The top 8 headlines you might have missed / Haaretz Newsline, August 20
From the world population becoming less religious, to the arrest of a Palestinian cell by Israel's Shin Bet; Haaretz.com brings you the top headlines you might have missed.
Hundreds of peoples watched the attempt to lynch Palestinians on Friday morning in Jerusalem, police representative told the Magistrate's Court Sunday. Dozens of Jewish youths attacked three young Palestinians in Zion Square in what one witness described on Facebook as "a lynch." Four minors between the ages of 13-15, including one girl, were arrested on Sunday in connection with the attack in which one victim was seriously injured and three others were slightly hurt.
Shin Bet security service and Israel Defense Forces recently uncovered a Palestinian terror cell suspected of plotting to attack Israeli troops guarding checkpoints, as well as allegedly planning to abduct soldiers or settlers. Four members of the cell, identified as activists in the Popular Front for the Liberation of Palestine, were arrested three months ago and indicted in an IDF court this week, a gag order lifted on Monday revealed.
Israel's opposition head Shaul Mofaz sent Prime Minister Benjamin Netanyahu a letter on Monday demanding an urgent meeting on the Iranian issue. According to law, the prime minister must brief the opposition head on a monthly basis.

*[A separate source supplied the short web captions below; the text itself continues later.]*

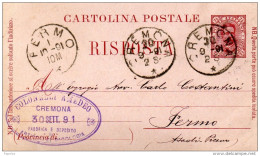 1891  CARTOLINA CON ANNULLO  CREMONA - Entero Postal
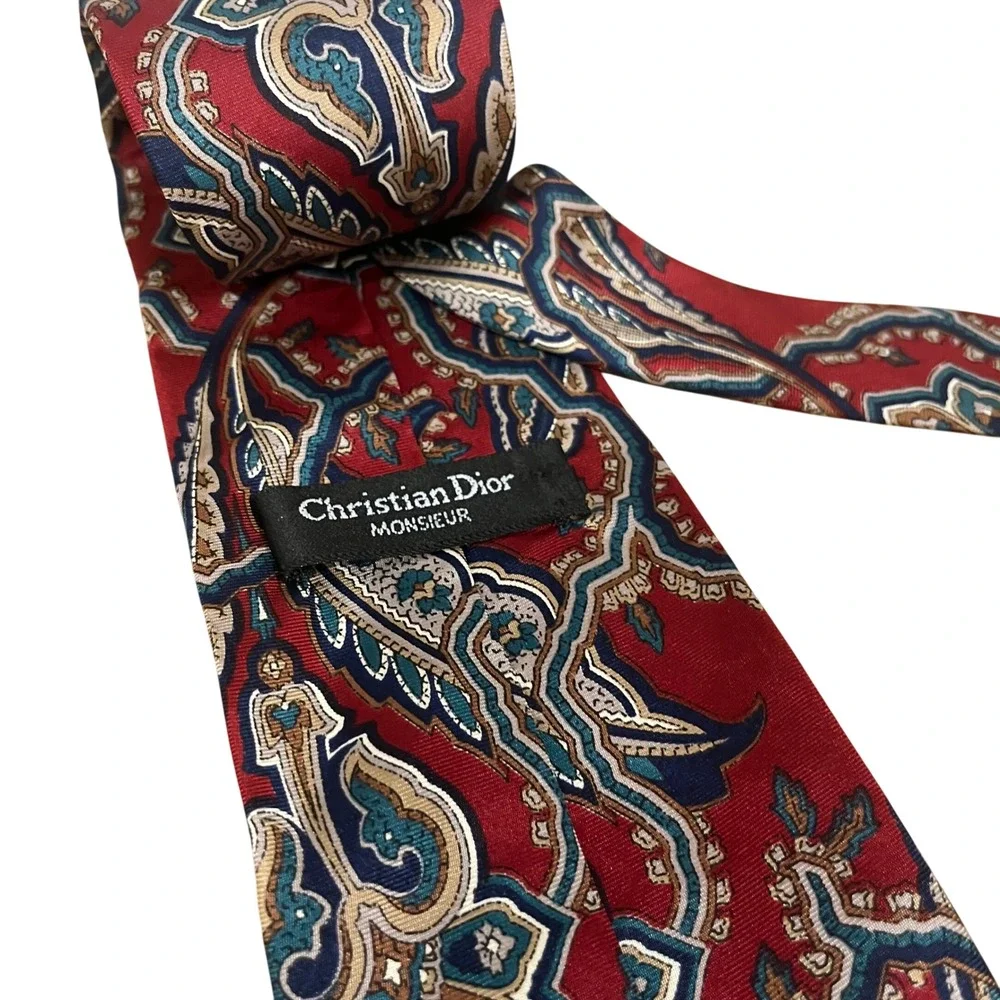 Christian‎ Dior Monsieur Burgundy Paisley Silk Necktie Men's Formal Tie VTG euc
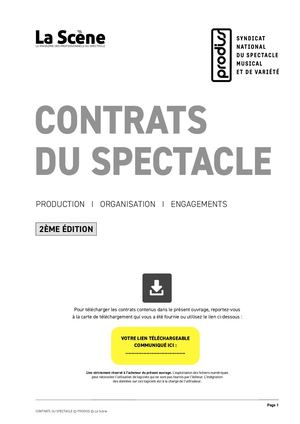 Contrats du Spectacle - extraits pages 1 à 8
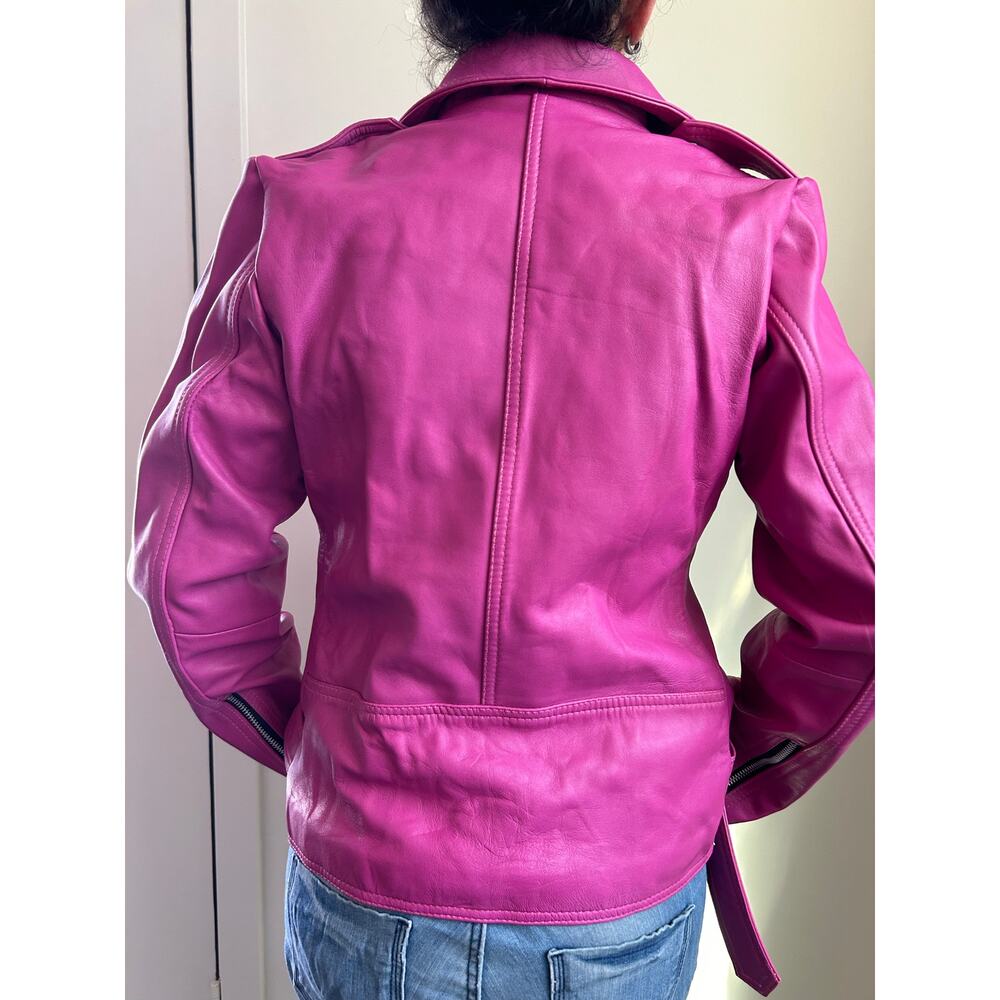 Needle & Thread Pink Motto Leather Jacket — image 4 of 7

An Iron Dome anti-missile system battery was deployed Sunday outside Israel's southernmost city of Eilat, days after a rocket was fired at the city. On Friday, police located the remains of the Grad rocket, which was shot two days earlier.
In Syria, Intense fighting between rebels and Syrian regime forces killed six people on Monday, including two children and two women in the southern city of Dara'a, two rights groups said. The fighting comes on the second day of Eid al-Fitr, a major Muslim holiday that marks the end of the fasting month of Ramadan, and a day after the United Nation's new envoy to Syria acknowledged that he had no concrete ideas to end the conflict.

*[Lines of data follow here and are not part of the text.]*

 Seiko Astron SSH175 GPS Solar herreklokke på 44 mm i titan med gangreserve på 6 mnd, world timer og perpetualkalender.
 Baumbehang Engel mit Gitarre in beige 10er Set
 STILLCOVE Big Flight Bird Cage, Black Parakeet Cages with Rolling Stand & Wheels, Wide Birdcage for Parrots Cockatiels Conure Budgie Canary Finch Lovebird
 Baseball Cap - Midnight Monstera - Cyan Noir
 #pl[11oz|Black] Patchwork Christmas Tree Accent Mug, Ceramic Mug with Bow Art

The Council of Presidents of Israeli Universities, which represents all of Israel’s research universities, filed a petition Monday in the High Court of Justice against the recognition of the Ariel University Center as a full-fledged university. The petition claims that the decision to make the Ariel institution a university is flawed.
Gas prices in Israel are ranked third in a list of 60 countries which was published on Bloomberg last week. Israeli drivers pay $9.28 a gallon for premium gasoline, compared to $4.89 in China and $3.75 in the United States. The survey noted that the Israeli government regulates the price of gasoline, and that taxes typically make up about half the cost of a gallon of gas.
The world's population is becoming less religious, latest poll conducted by Gallup discovered. The survey shows a nine percent decline in believers compared with a similar survey conducted in 2005. Jews were found to be the least religious with only 38 percent of the worldwide Jewish population considers itself religious.